Ramadan Tanpa Junnah, Maksiat Tak Pernah Punah

Oleh:
apt. Rahma
(Praktisi Kesehatan)

Terasjabar.co – Datangnya bulan suci Ramadan, membuat banyak daerah di Indonesia yang mengatur jam operasional tempat hiburan untuk menghormati umat Muslim yang tengah berpuasa. Namun, kebijakan ini tidak sepenuhnya mampu menanggulangi praktik kemaksiatan. Beberapa tempat hiburan malam, termasuk karaoke dan diskotek, masih diperbolehkan beroperasi dengan pembatasan tertentu. Hal ini menimbulkan pertanyaan mengenai sejauh mana keberhasilan kebijakan pemerintah dalam membendung kemaksiatan selama bulan Ramadan.

Dilansir dari Metro TV News, Pemerintah Provinsi DKI Jakarta membatasi jam operasional tempat hiburan selama Ramadan, dengan aturan yang memperbolehkan tempat-tempat hiburan tertentu, seperti karaoke dan billiard, untuk tetap buka dengan jam yang dikurangi. Namun, kebijakan ini hanya sebatas pembatasan jam operasional, sementara tempat hiburan tersebut tetap beroperasi selama bulan suci Ramadan (metrotvnews.com, 28/02/2025).

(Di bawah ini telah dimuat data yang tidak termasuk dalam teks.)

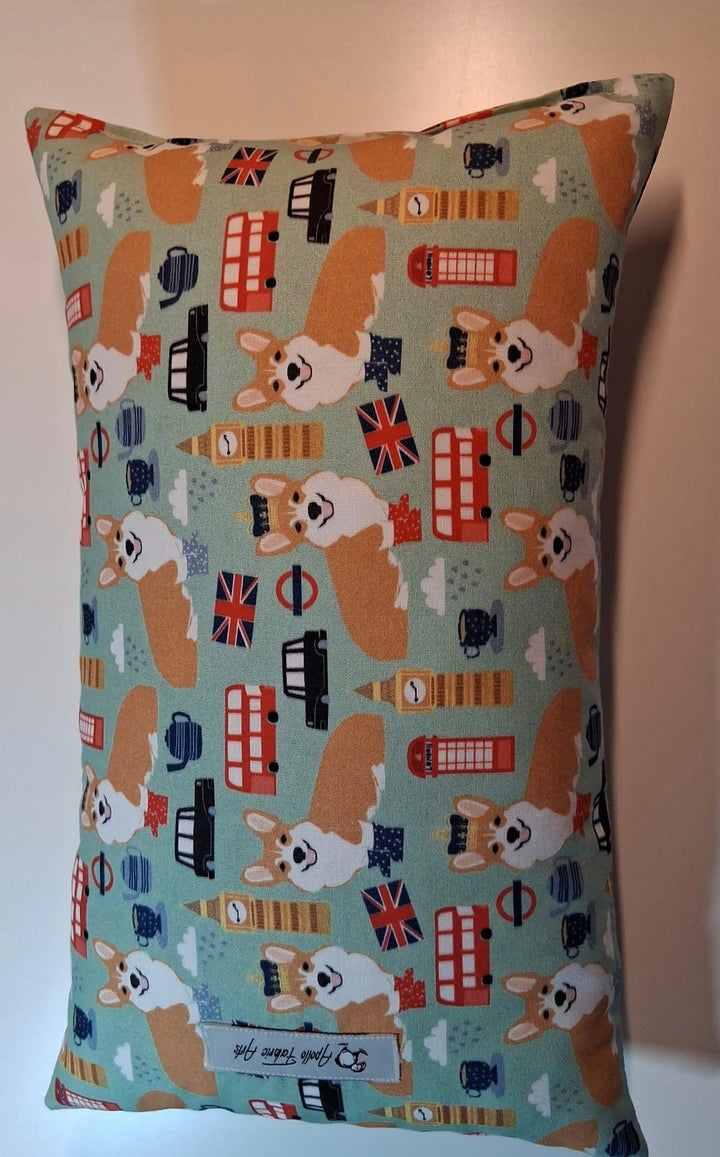 "Corgis & Co "Kissen/ Reisekissen/Nackenkissen , hellgrün (große Motive) , Handarbeit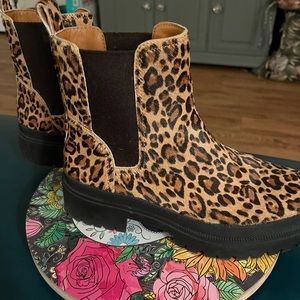 LUCKY BRAND LEOPARD BOOTS SZ 10
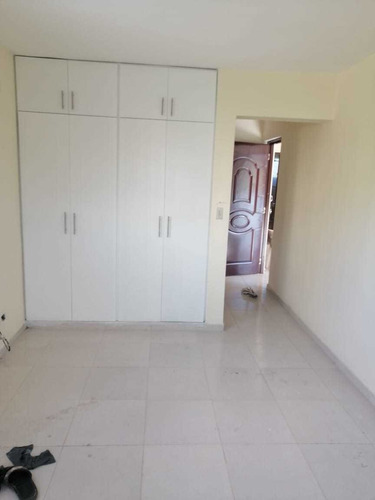 Imagen 22 de 30 de Vendo Casa De Oportunidad En Autopista De San Isidro 3 Habitaciones Principal Con Baño, Baños Común Sala Comedor Cocina Terraza, Cuarto De Servicio Con Baño Galería Marquesina. Cisterna 152 Metros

Sementara itu, di Banda Aceh, kebijakan yang dulunya melarang tempat hiburan beroperasi selama Ramadan kini telah dicabut, sebagaimana diwartakan oleh Viva. Hal ini menunjukkan adanya perubahan kebijakan yang memberi ruang bagi kemaksiatan untuk tetap berjalan, meskipun pada bulan yang seharusnya penuh berkah ini (viva.co.id, 27/02/2025).

Kebijakan yang masih membolehkan tempat hiburan beroperasi selama Ramadan dengan hanya membatasi jam operasionalnya saja, mencerminkan prinsip asas kebermanfaatan yang mendominasi kebijakan publik. Walaupun pada satu sisi pemerintah berusaha untuk menghormati umat Islam yang sedang berpuasa, kebijakan ini seolah memisahkan aturan agama dari kehidupan sehari-hari, menjadikan kemaksiatan tetap eksis dan dibenarkan atas dasar alasan ekonomi atau hiburan semata.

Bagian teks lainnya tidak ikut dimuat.